Australian Agriculture Minister flies to London as Lords debate the Australia – UK FTA

January 17, 2023: Australian Agriculture Minister Senator Murray Watt flew to London this week to shore up support for the Australia-UK Free Trade Agreement, which is being debated in the UK parliament and is still to be ratified by the Sunak Conservative Government.

Minister Watts tweeted: “I’m in London & Berlin to advocate for Aus ag. With National Farmers President Fiona Simson in a joint Govt-industry push for: ratification of the Aus-UK FTA; a good deal in the Aus-EU FTA & promotion of Australia’s sustainable ag credentials.”

In the House of Lords second reading of the Trade (Australia and New Zealand) Bill on January 9, 2023, a series of concerns were raised about the FTA. These included claims about Australia’s lower standard agricultural pesticide and animal welfare, the rate of deforestation and land clearing in some regions of Australia and  the impact of the deal on Australian beef and lamb imports on hill farmers in Northern Ireland, Wales and Scotland.

Conservative Lord Frost felt the FTA did not liberalise enough, saying, “First, the aspect of the trade agreements that has been most debated is of course the liberalisation of agriculture, particularly of beef and lamb. As others have felt free to comment on that, again, I want to put on record my view that, in the end, the provisions were not ambitious enough. The very long transitional period of 15 years delays unnecessarily the benefits to our economy of cheaper and high-quality beef and lamb in our market. I have full confidence in the ability of our farming sector to adjust to competition, and we should have pushed for a slightly shorter period in the interests of the UK consumer.” 

Labour Baroness Young of Old Scone, was more critical, saying, “How far can Australia’s less stringent regulation of pesticides interplay with and give an unfair competitive advantage to them over UK producers?

“The flaw in these agreements is that they offer us very small markets which already have only low-tariff barriers, so there is not a huge benefit in the agricultural sphere to this country. On the downside, both of the countries with which we are making free trade agreements are big exporters, which could swamp our smaller-scale UK markets. … Can the Minister tell us how swamping UK markets can be prevented in future negotiations with even bigger producing and exporting nations? Or does he really want us to be a niche agricultural product nation?” she said.

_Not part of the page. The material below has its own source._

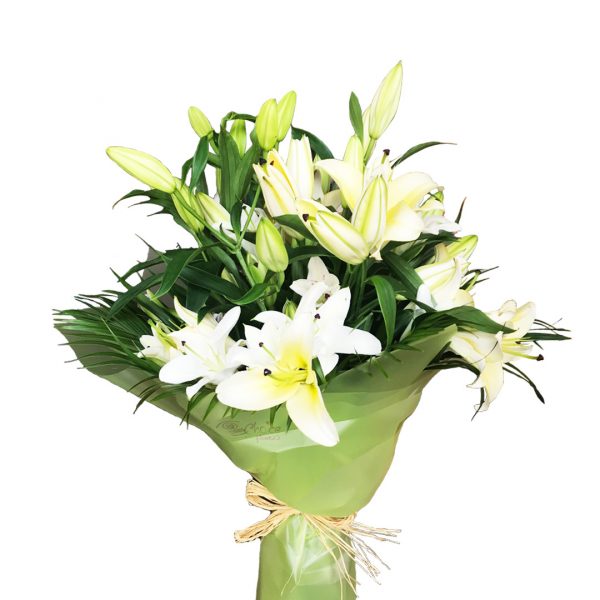 White Lilly Hand Bouquet Zoom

Lord Liddle, Labour, said, “I come from Cumberland and I know that its hill farmers earn very little: £10,000 to £15,000 per year. They are among the most hard-working, low-paid workers in the country. The noble Lord, Lord Frost … talked of how they would have to adjust. In what ways would they have to adjust and what would be the social and environmental costs, as well as the costs to the traditions that they have pursued for generations? We would like to hear answers from the Government on that question.”